Offene Kinder- und Jugendarbeit in Neugraben: Dersim Bingöl

Dersim Bingöl. Bild: Nicole Hellwig

Dersim Bingöl. Bild: Nicole Hellwig

Dersim Bingöl ist seit 2011 bei der Stiftung tätig. Er leitet die Jugendfreizeitlounge (JFL) in Neugraben, eine Einrichtung der Offenen Kinder- und Jugendarbeit (OKJA).

Dersim hat Soziale Arbeit am Rauhen Haus studiert. Eine ehemalige Studienfreundin, die bei uns arbeitete, hatte ihm davon erzählt, dass eine neue “JFL” entstehen soll.

Dersim hat nicht immer im sozialen Bereich gearbeitet. Er hatte Kameramann gelernt und viele Jahre für Fernsehen und Film gearbeitet. “Diese Arbeit hat was von Wanderzirkus, das wäre für mich nicht vereinbar gewesen mit der Gründung einer Familie”. Mittlerweile ist Dersim verheiratet und hat zwei Kinder.

So ganz zufällig ist die Entscheidung natürlich nicht auf ein Studium der Sozialen Arbeit gefallen.
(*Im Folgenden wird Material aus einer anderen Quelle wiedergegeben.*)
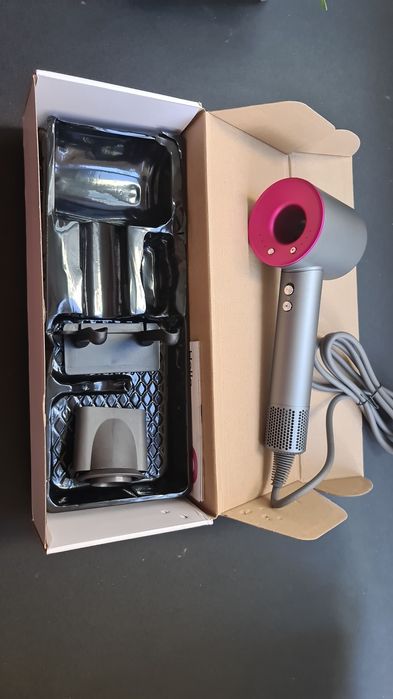 Uscator profesional cu accesorii de indreptat parul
Im Stadtteil Steilshoop hat Dersim sich früh ehrenamtlich engagiert und konnte erste Arbeitserfahrungen auch im benachbarten Bramfeld sammeln.

In Steilshoop ist Dersim auch aufgewachsen, nachdem er 1981 als kleiner Junge mit seiner kurdisch-griechischen Familie aus der Türkei geflüchtet war. 2011 war tatsächlich nicht sein allererster Kontakt zur Pestalozzi-Stiftung Hamburg: sein Vater hatte in Steilshoop für uns ab den 1980er Jahren in einem Vorgänger der heutigen Sozialpädagogischen Lebensgemeinschaften eine kurdische Jugendwohnung geleitet. “Einige Leute aus der Stiftung in Leitungsfunktionen kannte ich tatsächlich schon als Kind”, erzählt Dersim.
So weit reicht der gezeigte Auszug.